Von mir auch Alles Gute! :sm20:


----------



## Verpolt (29 Oktober 2010)

Hallo,

Von mir ebenso Alles Gute zum Geburtstag

:sm2:   :sm20:


----------



## Bernhard Götz (29 Oktober 2010)

Hier schonmal Alles Gute Benny!

Den Rest dann bei der Feier


----------



## diabolo150973 (29 Oktober 2010)

Ich wünsche auch alles Gute!!!


:sm20:
Gruß,

dia


----------



## Pizza (29 Oktober 2010)

Hi Benny,

alles Gute zum Geburtstag.
:sm20:

Feier schön, genug Zeit zum ausnüchtern hast du ja.

Ich hoffe, wir sehen uns dann auf der Messe


----------



## Paule (29 Oktober 2010)

*Alles Gute*

Hi Benny, 

alles Gute zum Geburtstag. :sm20:

Und viel spaß beim feiern. :sm24:
Wirst ja morgen nicht wieder bei einem Vortrag Dein Schlafdefizit nachholen müssen.


----------



## b1k86-DL (29 Oktober 2010)

Hallo Zusammen,

vielen Dank für die Glückwünsche! Die Vorfreude auf die Feier heute Abend steigt! 
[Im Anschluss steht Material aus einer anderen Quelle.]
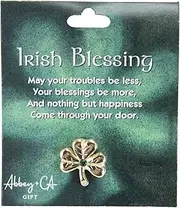 Cathedral Art (Abbey & CA Gift Shamrock Lapel Pin with Emerald Stone Carded, One Size, Goldtone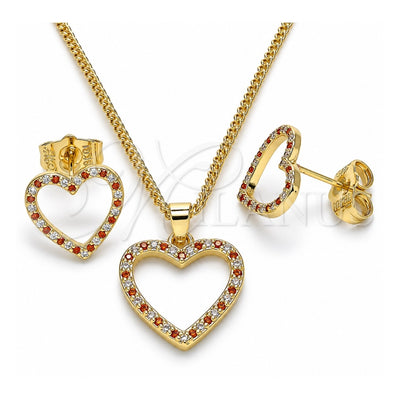 Oro Laminado Earring and Pendant Adult Set, Gold Filled Style Polished, Golden Finish, 10.94.0004.1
Bis zur Messe würde ich sagen....

Ich trinke einen für Euch mit!

:sm24:

Viele Grüße Benjamin Kliegel


----------



## diabolo150973 (29 Oktober 2010)

b1k86-DL schrieb:


> Ich trinke einen für Euch mit!
> 
> :sm24:


 

Alter Geizknüppel! Was hälst Du davon uns allen auf der Messe einen auszugeben??? 

Bis dann,

dia


----------



## Rainer Hönle (29 Oktober 2010)

diabolo150973 schrieb:


> Alter Geizknüppel! Was hälst Du davon uns allen auf der Messe einen auszugeben???
> 
> Bis dann,
> 
> dia



Kommst Du denn? Bringst Du dann einen Simultanübersetzer (m/w) mit oder hast Du schon Erfahrung mit dem südlichen Dialekt (auch schwäbsich genannt)?


----------



## diabolo150973 (29 Oktober 2010)

Rainer Hönle schrieb:


> Kommst Du denn? Bringst Du dann einen Simultanübersetzer (m/w) mit oder hast Du schon Erfahrung mit dem südlichen Dialekt (auch schwäbsich genannt)?


 

Ich dachte, dass ab 3,5 Promille alle Menschen dieser Erde die selbe Sprache sprechen!?


Gruß,

dia


----------



## b1k86-DL (2 November 2010)

diabolo150973 schrieb:


> Alter Geizknüppel! Was hälst Du davon uns allen auf der Messe einen auszugeben???
> 
> Bis dann,
> 
> dia




Hallo Diabolo,

geht klar. Einen Kasten Bier werd ich ausgeben. Jedoch erst nach einem Messetag (dann kann ich auch 1 oder 2 trinken). Sind alle eingeladen....einen gibts halt von mir.

Gruß Bkl


----------



## Verpolt (2 November 2010)

b1k86-DL schrieb:


> Hallo Diabolo,
> 
> geht klar. Einen Kasten Bier werd ich ausgeben. Jedoch erst nach einem Messetag (dann kann ich auch 1 oder 2 trinken). Sind alle eingeladen....einen gibts halt von mir.
> 
> Gruß Bkl






> Geändert von b1k86-DL (Heute um 12:13 Uhr)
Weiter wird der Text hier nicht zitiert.